Почти то же самое переживал и Станкевич — в России и его ждала невеста, сестра Бакунина. Но, в отличие от Грановского, он разобрался в собственных чувствах, ясно понял, что не любит ее, не находя в себе, однако, сил для окончательного разрыва.

«Идеалисты 30-х годов», мечтая о любви, боялись ее. (Это показал Тургенев в романе «Рудин».) Они были порой чересчур «романтичны» для любви, как для живого, «земного» чувства, — они любили одинаково высоко и мудрость, и женщину, и поэтому оказывались часто смешными, неловкими и даже ненамеренно жестокими, когда выяснялось, что женщину надо любить иначе, чем мудрость.

К Грановскому это относится гораздо в меньшей степени, чем к остальным «идеалистам», хотя бы потому, что чувство вины перед людьми, с которыми сталкивала его жизнь, было развито в нем не меньше, чем «память сердца». И это чувство сообщало особую нежность его отношению к людям, в особенности к женщинам… И, видимо, если и не любви, то этой нежности хватило бы ему на то, чтобы не быть несчастливым с великодушной девушкой из Орла по возвращении его из Германии.

В истории их отношений роковую роль (действительно роковую!) сыграла та самая М. А., которую молодые люди избрали посредницей во время разлуки.

«Умная, страстная и недоброжелательная девица», как называют ее современники, она по каким-то личным побуждениям решила ложью посеять вражду между ними и передавала недоброе, выдуманное ею самою, обеим сторонам. Она, растравляя ревность юноши и самолюбие девушки, обманывала их обоих и все больше и больше запутывала эти отношения. Конечно же, если бы Грановский любил по-настоящему, как полюбил он потом Лизу, никакая ложь не могла бы его отвратить от любимого существа. Он с его чувством истины никогда не поверил бы лжи. Но он не любил. И поэтому поверил.
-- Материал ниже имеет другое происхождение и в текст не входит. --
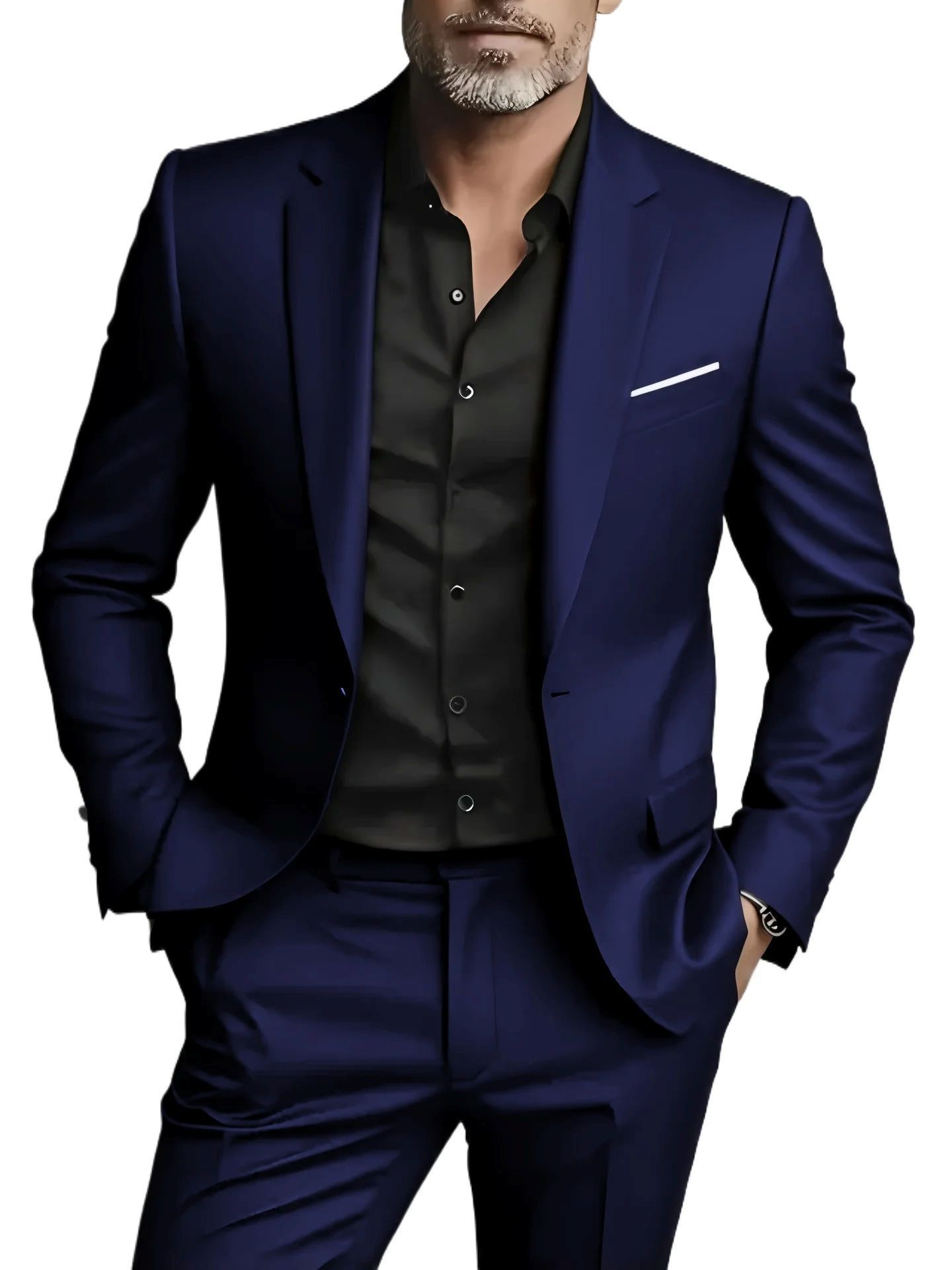 Men's Business-Casual Two-Piece Suit Set - Image 9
Он вернулся в Россию, даже не известив ее об этом, и она не догадывалась, что теперь он почти рядом — в Москве, а потом и совсем рядом — под Орлом, в именьице Грановских… Ему казалось, что она навсегда ушла из его жизни, из его сердца.

Но из этой жизни, из этого сердца ничего не уходило. Все оставалось навсегда…

Дальше было совсем как в тургеневском романе.

Возвращаясь в Москву, он вынужден был заночевать в Орле. И вот, стоя на пороге дома, увидел в мимо едущей коляске двух женщин. Было темно, он не различал лиц, но сердце забилось у него, и он решил, что это она. А через несколько минут, когда он был уже в комнате, он услышал опять стук колес, подошел к окну, та же коляска ехала в обратном направлении, и в ней сидела она, узнавшая его, как выяснилось потом…

Это показалось ему фантастическим. Он написал ей, она ответила, ложь была устранена, истина восстановлена, но любви — его любви — восстановить не удалось.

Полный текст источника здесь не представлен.